Purtroppo però, a seguito di questa condotta, si è aperto per loro un iter giudiziario tutt’altro che semplice.
Sia il Tribunale che la Corte d’Appello, infatti, li hanno condannati per installazione abusiva di apparecchiature per intercettare conversazioni, ex art. 617 bis c.p.
Gli investigatori hanno però fatto ricorso in Cassazione! E hanno raggiunto un proscioglimento pieno! Come hanno fatto? Con un piccolo escamotage…
Per prima cosa infatti hanno provato che la loro condotta non ricadeva nell’art. 617 bis. c.c..
L’art. 617 bis c.p. e l’art. 615 bis c.p.
Questa norma, infatti, punisce coloro che installano apparecchiature al fine di intercettare o impedire conversazione telefoniche o telegrafiche.
Ma le microspie installate dagli investigatori non avevano certo questa finalità. Ma quella di registrare le conversazioni all’interno dell’auto.
Quindi, la loro condotta, al massimo, era riconducibile ad un altro articolo del codice penale, e cioè l’art. 615 bis. L’agire dei detectives infatti avrebbe dovuto integrare, nel caso, interferenza illecita nella vita privata. Condotta che sarebbe anch’essa reato, si badi bene!
Ma qui subentra l’escamotage…
Come si è detto, ai sensi dell’art. 615 bis, anche procurarsi notizie riguardanti la vita privata di una persona mediante riprese o registrazioni, è reato! E lo è anche rivelare o diffondere queste notizie!
Quindi, in via teorica, seppur per un altro reato, gli investigatori avrebbero dovuto subire una condanna!
E invece i due hanno di fatto avuto un proscioglimento! Perchè?
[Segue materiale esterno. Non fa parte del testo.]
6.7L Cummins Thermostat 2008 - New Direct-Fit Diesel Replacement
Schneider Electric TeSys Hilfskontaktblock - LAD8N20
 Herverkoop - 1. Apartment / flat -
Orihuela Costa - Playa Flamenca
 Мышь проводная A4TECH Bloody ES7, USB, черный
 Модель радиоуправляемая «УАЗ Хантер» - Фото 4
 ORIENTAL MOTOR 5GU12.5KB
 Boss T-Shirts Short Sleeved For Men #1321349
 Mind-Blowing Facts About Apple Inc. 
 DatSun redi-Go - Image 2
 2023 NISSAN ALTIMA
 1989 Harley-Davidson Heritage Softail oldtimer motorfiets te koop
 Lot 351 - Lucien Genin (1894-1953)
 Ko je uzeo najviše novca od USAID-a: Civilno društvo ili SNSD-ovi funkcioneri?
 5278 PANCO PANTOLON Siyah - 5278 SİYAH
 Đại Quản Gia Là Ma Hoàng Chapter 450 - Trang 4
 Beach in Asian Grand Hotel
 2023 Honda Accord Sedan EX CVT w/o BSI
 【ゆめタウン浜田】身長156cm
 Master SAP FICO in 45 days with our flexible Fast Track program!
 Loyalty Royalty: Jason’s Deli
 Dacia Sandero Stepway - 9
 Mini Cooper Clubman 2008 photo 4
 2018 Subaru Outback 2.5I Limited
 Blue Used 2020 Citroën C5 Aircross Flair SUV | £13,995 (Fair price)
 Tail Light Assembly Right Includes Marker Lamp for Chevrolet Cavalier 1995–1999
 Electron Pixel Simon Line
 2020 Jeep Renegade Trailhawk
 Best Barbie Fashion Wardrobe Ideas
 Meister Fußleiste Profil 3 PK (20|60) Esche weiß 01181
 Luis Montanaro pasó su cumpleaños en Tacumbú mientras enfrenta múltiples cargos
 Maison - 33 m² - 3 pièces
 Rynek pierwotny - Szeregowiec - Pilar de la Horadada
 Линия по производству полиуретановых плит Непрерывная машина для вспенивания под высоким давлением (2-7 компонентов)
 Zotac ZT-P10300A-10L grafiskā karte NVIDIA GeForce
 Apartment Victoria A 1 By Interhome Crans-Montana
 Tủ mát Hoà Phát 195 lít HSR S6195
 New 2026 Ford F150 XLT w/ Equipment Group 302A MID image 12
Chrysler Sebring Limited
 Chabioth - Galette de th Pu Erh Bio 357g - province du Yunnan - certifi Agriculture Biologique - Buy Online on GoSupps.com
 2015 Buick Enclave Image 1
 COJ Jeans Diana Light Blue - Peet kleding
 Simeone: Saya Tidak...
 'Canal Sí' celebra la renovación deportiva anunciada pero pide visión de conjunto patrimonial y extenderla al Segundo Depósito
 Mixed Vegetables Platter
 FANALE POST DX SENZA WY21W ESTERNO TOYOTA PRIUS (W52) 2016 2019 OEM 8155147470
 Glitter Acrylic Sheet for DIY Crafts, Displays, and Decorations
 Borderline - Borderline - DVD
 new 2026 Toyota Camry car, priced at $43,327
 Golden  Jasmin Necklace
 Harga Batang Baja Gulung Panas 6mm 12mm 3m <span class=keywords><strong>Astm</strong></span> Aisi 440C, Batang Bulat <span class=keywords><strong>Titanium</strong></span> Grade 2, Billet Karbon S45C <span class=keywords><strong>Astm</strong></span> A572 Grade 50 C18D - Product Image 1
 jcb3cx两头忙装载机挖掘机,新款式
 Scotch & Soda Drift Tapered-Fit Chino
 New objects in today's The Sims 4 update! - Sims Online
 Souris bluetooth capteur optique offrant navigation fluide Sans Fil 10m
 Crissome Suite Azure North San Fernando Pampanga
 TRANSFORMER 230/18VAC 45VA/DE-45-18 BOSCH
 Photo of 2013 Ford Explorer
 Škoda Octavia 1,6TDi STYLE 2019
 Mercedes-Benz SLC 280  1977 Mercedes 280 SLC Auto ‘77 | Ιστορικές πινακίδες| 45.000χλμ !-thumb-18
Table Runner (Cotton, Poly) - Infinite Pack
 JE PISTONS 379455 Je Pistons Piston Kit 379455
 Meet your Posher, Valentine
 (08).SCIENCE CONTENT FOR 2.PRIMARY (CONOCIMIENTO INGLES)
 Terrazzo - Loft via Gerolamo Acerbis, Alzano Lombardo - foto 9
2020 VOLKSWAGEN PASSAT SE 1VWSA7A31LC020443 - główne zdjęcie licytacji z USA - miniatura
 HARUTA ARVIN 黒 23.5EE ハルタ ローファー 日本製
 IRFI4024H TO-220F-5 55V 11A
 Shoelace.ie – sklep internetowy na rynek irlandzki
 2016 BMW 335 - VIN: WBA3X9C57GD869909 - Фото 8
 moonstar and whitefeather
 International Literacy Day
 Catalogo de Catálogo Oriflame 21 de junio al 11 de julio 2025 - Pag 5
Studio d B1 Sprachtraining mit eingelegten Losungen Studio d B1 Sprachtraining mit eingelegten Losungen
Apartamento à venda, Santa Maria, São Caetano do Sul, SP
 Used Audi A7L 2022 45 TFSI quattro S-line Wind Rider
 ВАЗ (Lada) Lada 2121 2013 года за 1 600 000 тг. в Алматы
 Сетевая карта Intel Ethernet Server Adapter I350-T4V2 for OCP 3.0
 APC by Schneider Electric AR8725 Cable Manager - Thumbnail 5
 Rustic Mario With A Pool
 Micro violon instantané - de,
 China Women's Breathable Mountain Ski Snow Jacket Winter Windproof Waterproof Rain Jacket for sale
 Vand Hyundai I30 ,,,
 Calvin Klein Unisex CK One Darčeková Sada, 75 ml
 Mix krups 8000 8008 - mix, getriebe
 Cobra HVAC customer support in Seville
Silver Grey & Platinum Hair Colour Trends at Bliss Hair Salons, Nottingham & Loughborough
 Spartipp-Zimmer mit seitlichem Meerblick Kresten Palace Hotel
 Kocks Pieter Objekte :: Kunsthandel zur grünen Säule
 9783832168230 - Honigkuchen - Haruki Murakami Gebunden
Perché i reati previsto dall’art. 615 bis c.p. sono punibili su querela della persona offesa (salvo alcuni casi particolari). E nel caso di specie la persona offesa non aveva sporto nessuna querela!
Questa ricostruzione ha convinto gli Ermellini, che dunque hanno annullato senza rinvio la sentenza di Corte d’Appello che invece aveva condannato i due investigatori.